More relevantly, it doesn't provide maximum stratification if the number of 
trials is, say, 288. In fact, there would be little benefit at all from this 
scheme, unlike if you make the first rolls cycle every 36, and avoid repeating 
the second rolls. There are some kluges you could use with one or two random 
permutations of 36 elements, but you could do something more sophisticated with 
37 random permutations of 36 elements, which would not require more of the 
processor than one random permutation of 1296.

> >Thus I would prefer to put a little more
> 
> > effort into creating the array of rolls. My best idea so far is to cycle 
> > the first roll through the same sequence of 36 rolls, and cycling the 
> > second roll through the same sequence, but 'sliding' the sequence before 
> > each sequence of 36. Something like (still pseudocode:
> > 
> > Create array36 containing 11,12,...,66
> > Randomize Rolls36 as described before
> > Create empty array of 1296
> > 
> > for i = 0 to 35
> > for j = 0 to 35
> > array[i*36+j] = (array36[j], array36[i+j mod 36])
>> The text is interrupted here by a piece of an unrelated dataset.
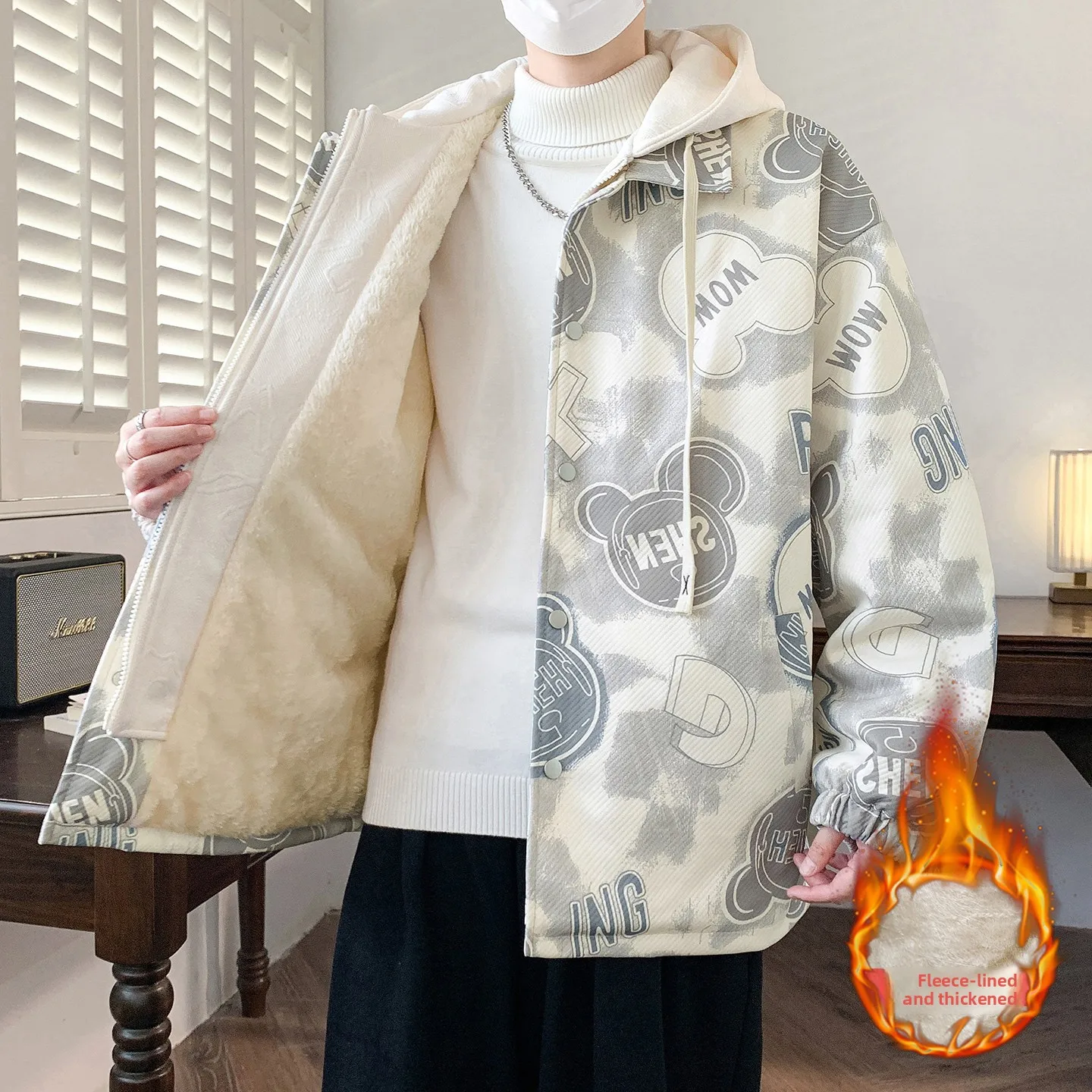 

Trendy Bear Print Fce Lined Hooded Jaet Men's Casual Loose Fit Two Piece Look Polyester Fiber Long Sve Zipper Closure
I think that will work well most of the time, as long as you are getting a 
random permutation of 36. If not, you may get strange results.

> If the desired result is that for every 36 rollouts, every initial
> roll is present with the probability of that roll, this is a better
> way to do it. But I wonder if it's worth randomising the
> initial roll in that case. Does it gain you anything?

It reduces the bias if you interrupt a rollout after a number of trials not 
divisible by 36, or watch the rollout results as they come in. Suppose 4's hit, 
and the variance reduction is not perfect. You don't want to see a predictably 
low equity, and then suddenly a jump as you run into a bunch of 4's, then low, 
etc. If you do that, it will take much longer for the average square of the 
error at a "random" interruption point to be small.

> > I am not sure about "dropping the initial doubles" during the rollout. I 
> > think rather we should make an array of 30*36 for that case.

Dropping the doubles produces a uniform permutation of the non-doubles if you 
started with a uniform distribution.

Douglas Zare